You are probably right. I don't know. We have air-soft guns at the ROTC, so if I bring it in in the morning in it's case and leave it in the gym most of the day, they might let it. We would have to get an archery program first, though.

That's probably going to be my project before I graduate, is getting an archery club at school. :thumbs_up


----------



## PA3-DArcher4 (Nov 5, 2008)

one time in the storage closet at my school I saw some recurves with wooden arrow and feathers. In fact, my siser said her senior they shot one day...


----------



## Wolfey (Aug 12, 2008)

buglebuster said:


> Try robbinhooding them if its that easy.


I did.
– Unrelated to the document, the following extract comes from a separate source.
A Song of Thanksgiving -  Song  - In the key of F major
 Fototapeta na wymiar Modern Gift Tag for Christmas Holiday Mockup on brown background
At 15 meters


----------



## carbon_kid (Feb 12, 2006)

*school*

we do and if we have a bow we can bring our own!!! i Love it!! They asked me to be a coach now so i will have to teach more than shoot


----------



## Joe(y) (Mar 1, 2009)

i know at my school we do it in gym and we always go down to the archery club for this shoot with 3-d targets and fake trees and stuff...its really fun especially cuz i get to bring my own bow in.


----------



## turkey track (Apr 14, 2008)

where do you live at wish we did id bring my 70 lb drenalin ^_^


----------



## Sighting In (Feb 5, 2009)

One of my better friends in archery got started because of PE.

They were shooting those piece of junk fiberglass recurves. She liked it so much she decided to try the real thing. Now she is a coach in JOAD and a darn good shooter.

I bet if PE did archery, we would have a lot more stories like that.


----------



## hoytarchery7 (Apr 28, 2009)

we just started archery in 11th grade PE and we are useing old bear recurves at 25 pounds at 15yds and i cant hit much of anything i really like when we are shooting in the mowed down field and kids still manage to loose arrows. at between 10-15yds.:mg:


----------